# Romania SOF CQB & H2H



## JBS (Mar 25, 2009)

[ame="http://www.youtube.com/watch?v=KNmiDQ5m4AI"]YouTube - Special Forces training - fighting[/ame]


----------



## 104TN (Mar 25, 2009)

I didn't actually see any of the video, I was too busy wondering WTF is up with that music.


----------



## Operator (Mar 25, 2009)

Where can i download that song!?!?!

Easter Europe including Russia has always enjoyed showing this fancy coreographed kung fu shit to the rest of the world. 

Im sure any real life SWAT officer in this forum can explain how difficult it is to neutralize an e.g. amphetamine drugged up suspect with their bare hands.

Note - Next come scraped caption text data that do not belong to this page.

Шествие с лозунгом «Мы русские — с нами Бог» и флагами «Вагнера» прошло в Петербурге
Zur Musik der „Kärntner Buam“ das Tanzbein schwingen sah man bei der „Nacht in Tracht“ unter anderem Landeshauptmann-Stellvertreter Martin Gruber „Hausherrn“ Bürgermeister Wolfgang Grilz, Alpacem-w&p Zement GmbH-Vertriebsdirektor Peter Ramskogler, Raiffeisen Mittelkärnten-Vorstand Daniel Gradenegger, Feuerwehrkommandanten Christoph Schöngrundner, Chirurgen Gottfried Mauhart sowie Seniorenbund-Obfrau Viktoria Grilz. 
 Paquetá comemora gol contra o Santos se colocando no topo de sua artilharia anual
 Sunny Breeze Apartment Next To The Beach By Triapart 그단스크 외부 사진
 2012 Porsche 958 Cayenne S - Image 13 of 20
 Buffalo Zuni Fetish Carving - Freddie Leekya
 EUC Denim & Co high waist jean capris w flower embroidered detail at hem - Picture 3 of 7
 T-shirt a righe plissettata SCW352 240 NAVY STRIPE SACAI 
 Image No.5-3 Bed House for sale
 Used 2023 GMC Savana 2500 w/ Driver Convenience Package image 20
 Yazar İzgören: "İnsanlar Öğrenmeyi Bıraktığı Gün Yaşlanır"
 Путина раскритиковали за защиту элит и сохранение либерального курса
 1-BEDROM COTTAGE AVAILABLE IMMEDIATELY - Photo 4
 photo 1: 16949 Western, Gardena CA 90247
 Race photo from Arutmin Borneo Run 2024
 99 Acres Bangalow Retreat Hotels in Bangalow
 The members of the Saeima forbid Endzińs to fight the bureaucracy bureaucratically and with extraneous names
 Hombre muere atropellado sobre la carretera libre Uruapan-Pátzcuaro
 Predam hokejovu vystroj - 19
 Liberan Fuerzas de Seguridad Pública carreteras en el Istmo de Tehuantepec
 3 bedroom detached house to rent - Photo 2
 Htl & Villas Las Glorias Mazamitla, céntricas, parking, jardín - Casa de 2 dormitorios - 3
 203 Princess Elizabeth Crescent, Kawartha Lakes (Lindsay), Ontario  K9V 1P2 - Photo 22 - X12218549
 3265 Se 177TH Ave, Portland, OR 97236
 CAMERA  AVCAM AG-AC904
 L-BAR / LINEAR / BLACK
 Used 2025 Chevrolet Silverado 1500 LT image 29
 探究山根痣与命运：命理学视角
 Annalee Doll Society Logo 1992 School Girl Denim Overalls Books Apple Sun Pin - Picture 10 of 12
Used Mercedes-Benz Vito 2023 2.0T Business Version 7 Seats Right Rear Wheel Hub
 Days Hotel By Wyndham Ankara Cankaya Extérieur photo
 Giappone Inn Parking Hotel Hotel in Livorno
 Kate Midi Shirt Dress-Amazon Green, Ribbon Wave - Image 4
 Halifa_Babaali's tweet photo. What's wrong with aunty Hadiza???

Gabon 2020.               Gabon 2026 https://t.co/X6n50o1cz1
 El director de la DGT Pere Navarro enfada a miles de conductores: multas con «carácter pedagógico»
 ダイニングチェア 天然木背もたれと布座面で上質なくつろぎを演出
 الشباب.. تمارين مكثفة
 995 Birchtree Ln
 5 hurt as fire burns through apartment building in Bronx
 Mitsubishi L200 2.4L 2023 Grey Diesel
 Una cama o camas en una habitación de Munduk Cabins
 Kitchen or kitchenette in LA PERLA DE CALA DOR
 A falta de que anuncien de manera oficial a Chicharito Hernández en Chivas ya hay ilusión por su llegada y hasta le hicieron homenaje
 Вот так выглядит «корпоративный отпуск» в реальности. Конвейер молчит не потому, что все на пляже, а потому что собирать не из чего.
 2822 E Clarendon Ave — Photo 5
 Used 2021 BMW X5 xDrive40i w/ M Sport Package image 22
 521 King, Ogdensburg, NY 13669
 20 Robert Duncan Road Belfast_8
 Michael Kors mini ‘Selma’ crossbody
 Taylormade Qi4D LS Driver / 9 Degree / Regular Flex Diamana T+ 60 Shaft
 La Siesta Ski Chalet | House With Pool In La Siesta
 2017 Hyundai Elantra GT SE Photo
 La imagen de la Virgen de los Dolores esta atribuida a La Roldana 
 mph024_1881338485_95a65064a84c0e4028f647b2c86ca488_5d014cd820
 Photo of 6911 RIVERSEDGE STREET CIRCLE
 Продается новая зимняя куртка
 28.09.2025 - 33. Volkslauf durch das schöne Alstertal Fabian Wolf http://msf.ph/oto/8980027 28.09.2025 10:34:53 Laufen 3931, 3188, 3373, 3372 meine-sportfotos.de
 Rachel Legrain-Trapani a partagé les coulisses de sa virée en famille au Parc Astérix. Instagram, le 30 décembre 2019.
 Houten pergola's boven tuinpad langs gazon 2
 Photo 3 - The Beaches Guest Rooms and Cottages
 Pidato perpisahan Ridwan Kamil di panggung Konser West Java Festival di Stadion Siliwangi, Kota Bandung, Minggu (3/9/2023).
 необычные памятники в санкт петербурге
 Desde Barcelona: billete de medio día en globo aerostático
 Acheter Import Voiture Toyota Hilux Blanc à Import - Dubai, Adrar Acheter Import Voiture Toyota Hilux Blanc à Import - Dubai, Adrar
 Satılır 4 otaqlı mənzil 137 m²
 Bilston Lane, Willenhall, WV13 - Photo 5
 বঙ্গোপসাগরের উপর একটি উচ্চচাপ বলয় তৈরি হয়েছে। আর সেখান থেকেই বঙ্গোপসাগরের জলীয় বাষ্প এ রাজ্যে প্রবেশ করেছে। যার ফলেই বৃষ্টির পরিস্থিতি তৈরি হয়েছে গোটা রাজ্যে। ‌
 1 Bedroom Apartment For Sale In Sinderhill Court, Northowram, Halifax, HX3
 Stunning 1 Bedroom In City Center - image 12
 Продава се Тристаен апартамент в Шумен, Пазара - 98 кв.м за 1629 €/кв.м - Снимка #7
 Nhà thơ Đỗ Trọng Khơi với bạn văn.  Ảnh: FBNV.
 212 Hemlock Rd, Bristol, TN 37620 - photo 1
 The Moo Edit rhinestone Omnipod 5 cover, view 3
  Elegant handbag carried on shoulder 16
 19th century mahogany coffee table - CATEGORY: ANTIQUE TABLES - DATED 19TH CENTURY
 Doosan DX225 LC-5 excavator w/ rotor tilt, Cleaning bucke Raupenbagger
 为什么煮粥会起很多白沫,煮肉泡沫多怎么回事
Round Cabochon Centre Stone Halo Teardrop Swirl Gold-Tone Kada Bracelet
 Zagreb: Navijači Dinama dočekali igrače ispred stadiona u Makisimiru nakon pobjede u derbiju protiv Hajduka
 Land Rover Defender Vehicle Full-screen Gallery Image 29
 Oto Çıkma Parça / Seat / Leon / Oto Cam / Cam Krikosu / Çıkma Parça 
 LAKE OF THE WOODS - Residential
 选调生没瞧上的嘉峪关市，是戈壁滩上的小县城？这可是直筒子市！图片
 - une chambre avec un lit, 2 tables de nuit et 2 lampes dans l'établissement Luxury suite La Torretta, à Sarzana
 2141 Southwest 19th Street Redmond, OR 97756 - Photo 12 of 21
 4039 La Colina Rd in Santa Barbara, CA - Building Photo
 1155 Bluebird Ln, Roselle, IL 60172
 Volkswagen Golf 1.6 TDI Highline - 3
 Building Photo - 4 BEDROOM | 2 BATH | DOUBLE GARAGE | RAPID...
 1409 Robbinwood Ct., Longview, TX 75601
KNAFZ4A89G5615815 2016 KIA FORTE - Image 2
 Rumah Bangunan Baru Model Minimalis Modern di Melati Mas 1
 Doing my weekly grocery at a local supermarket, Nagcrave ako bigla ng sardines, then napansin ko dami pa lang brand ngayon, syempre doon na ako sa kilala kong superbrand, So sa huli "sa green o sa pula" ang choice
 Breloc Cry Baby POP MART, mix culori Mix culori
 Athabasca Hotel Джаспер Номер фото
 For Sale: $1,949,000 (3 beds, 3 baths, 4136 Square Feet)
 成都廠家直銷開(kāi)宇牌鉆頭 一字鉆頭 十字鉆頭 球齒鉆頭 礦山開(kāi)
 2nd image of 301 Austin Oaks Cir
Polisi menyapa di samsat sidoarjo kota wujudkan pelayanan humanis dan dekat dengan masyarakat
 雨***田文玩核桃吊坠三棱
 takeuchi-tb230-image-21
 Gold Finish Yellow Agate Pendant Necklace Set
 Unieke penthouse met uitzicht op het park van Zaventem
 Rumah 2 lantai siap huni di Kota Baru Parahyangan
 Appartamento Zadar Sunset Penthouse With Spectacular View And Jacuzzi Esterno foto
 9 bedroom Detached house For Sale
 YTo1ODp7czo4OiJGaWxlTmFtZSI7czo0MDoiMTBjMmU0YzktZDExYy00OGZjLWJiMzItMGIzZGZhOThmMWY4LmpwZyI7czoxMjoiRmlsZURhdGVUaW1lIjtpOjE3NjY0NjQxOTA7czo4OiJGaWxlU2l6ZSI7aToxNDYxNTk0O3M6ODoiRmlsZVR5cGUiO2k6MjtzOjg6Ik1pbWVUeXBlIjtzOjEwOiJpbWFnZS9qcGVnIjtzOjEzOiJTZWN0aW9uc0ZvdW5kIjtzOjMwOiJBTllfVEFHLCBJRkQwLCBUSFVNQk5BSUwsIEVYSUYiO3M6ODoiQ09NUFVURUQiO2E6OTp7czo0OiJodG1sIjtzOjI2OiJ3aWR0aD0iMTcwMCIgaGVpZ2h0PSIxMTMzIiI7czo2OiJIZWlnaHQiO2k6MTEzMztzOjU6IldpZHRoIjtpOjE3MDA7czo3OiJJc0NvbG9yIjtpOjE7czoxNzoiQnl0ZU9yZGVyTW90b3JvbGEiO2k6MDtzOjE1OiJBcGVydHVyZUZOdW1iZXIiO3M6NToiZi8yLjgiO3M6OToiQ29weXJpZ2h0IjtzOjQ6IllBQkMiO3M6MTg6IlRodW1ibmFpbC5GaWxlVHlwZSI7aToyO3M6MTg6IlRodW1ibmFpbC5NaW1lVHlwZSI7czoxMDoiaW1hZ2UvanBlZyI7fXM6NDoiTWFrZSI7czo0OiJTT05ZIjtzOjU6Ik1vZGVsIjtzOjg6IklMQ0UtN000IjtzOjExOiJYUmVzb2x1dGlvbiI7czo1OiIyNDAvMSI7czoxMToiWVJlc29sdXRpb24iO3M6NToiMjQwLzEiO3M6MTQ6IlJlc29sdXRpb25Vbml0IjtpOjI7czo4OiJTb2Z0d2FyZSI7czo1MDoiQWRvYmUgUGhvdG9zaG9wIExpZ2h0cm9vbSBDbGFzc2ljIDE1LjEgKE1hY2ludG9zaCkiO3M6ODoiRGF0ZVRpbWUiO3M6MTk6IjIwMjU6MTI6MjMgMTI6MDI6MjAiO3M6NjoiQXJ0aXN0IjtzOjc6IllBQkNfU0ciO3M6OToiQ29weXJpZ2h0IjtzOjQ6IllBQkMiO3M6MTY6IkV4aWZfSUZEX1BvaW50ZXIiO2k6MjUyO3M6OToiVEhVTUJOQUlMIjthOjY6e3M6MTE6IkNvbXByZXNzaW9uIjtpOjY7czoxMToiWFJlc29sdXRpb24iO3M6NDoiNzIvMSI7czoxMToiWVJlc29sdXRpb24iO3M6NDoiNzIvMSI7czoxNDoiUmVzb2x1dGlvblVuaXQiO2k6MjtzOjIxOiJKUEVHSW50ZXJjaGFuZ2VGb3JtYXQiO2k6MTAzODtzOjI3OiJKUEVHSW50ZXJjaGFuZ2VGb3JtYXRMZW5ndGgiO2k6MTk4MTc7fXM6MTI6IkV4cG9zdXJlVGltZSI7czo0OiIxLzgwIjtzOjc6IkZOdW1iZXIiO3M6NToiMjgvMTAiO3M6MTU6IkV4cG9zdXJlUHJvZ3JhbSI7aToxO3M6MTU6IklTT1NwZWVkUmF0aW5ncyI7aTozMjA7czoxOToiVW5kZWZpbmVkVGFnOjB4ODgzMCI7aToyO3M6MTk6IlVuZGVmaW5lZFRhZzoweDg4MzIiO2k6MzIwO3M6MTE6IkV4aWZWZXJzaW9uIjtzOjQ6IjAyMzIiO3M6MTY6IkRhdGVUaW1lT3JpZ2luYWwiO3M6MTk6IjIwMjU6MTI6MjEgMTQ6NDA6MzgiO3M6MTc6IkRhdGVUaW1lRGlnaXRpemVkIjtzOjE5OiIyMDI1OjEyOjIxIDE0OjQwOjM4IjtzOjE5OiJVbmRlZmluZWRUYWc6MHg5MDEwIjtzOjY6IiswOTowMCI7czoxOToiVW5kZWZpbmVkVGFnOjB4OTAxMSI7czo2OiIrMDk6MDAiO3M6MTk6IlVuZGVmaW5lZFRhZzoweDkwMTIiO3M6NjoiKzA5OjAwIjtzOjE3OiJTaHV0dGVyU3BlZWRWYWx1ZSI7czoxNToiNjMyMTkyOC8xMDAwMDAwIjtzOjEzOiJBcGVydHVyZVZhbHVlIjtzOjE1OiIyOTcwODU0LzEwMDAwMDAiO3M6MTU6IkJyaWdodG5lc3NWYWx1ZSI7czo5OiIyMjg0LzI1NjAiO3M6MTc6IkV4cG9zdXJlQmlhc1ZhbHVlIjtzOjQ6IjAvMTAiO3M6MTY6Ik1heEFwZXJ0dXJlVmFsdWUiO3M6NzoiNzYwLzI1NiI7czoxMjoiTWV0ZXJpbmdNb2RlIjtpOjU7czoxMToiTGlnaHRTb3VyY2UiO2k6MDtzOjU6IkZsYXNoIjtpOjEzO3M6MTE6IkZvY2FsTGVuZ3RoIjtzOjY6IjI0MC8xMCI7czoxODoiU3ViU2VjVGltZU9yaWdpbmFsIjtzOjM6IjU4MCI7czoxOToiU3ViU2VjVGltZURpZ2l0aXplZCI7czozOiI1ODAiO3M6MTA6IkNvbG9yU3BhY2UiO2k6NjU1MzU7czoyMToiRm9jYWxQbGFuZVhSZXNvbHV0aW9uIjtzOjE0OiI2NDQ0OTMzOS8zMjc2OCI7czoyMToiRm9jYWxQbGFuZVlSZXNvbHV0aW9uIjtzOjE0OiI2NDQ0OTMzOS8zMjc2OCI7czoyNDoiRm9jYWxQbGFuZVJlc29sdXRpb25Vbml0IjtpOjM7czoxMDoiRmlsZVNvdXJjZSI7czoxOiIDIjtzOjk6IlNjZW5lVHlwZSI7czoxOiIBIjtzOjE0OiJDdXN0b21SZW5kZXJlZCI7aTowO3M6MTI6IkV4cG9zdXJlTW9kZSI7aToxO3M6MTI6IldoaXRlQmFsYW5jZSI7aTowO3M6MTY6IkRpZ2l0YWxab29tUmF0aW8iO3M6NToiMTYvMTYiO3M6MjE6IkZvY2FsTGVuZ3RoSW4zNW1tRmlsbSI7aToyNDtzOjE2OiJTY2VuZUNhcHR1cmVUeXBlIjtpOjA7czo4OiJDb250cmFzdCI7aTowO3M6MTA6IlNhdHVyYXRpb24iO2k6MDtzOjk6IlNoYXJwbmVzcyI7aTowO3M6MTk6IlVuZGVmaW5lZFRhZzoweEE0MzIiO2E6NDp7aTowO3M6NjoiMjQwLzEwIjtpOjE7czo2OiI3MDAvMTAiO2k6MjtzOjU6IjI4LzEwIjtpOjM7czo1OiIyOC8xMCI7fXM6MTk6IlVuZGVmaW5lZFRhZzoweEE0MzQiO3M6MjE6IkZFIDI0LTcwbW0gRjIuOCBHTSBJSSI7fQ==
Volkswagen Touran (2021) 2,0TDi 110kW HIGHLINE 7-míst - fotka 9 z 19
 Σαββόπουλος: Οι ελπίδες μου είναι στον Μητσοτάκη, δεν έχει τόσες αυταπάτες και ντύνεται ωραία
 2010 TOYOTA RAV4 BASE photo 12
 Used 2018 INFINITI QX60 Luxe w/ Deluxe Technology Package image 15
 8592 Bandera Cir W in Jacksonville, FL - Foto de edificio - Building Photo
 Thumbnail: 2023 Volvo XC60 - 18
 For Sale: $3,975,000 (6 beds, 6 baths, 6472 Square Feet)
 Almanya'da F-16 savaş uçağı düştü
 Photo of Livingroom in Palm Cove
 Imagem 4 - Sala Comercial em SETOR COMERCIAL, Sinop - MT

Well western forces and their hand to hand combat must suck real bad, just look at this video and see how easy its done


----------



## 104TN (Mar 25, 2009)

I don't know. As a whole I was unimpressed. I mean not once did any of those guys catapult off a trampoline to throw a tomahawk into a bullseye while upside down. In fact I don't recall seeing even one Dim Mak strike. Amateurish at best.


----------



## car (Mar 25, 2009)

The dogs were awesome!


----------



## Diamondback 2/2 (Mar 25, 2009)

The song is freaking gay as gay gets… I don’t know about all those hip tosses and take downs, but the knife work looks good to go. I would love to get in to a no “BS” knife workshop or course. The dogs were freaking cool, jerking those dudes right of their cars. That was some funny shit, but the best part is when the dog handler gets bit by his own dog :doh:


----------



## JBS (Mar 25, 2009)

I liked their knife work too.


----------